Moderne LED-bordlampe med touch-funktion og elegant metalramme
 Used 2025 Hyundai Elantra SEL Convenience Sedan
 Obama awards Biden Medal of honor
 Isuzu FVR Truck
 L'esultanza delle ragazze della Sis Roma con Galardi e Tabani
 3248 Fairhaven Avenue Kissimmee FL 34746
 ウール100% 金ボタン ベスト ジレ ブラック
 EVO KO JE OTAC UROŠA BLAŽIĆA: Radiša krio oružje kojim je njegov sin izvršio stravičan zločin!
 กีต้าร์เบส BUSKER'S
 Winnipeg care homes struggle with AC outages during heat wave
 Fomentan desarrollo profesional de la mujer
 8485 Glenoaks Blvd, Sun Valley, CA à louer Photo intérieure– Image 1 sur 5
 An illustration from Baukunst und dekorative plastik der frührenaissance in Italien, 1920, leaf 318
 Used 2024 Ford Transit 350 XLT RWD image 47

━━━━━━━━

• _BRIEF_
Return exactly what appears above, from the first line of the entries to the line with "ウール100% 金ボタン ベスト ジレ ブラック", inclusive.

• _RESULT OF THE TASK_
Moderne LED-bordlampe med touch-funktion og elegant metalramme
 Used 2025 Hyundai Elantra SEL Convenience Sedan
 Obama awards Biden Medal of honor
 Isuzu FVR Truck
 L'esultanza delle ragazze della Sis Roma con Galardi e Tabani
 3248 Fairhaven Avenue Kissimmee FL 34746
 ウール100% 金ボタン ベスト ジレ ブラック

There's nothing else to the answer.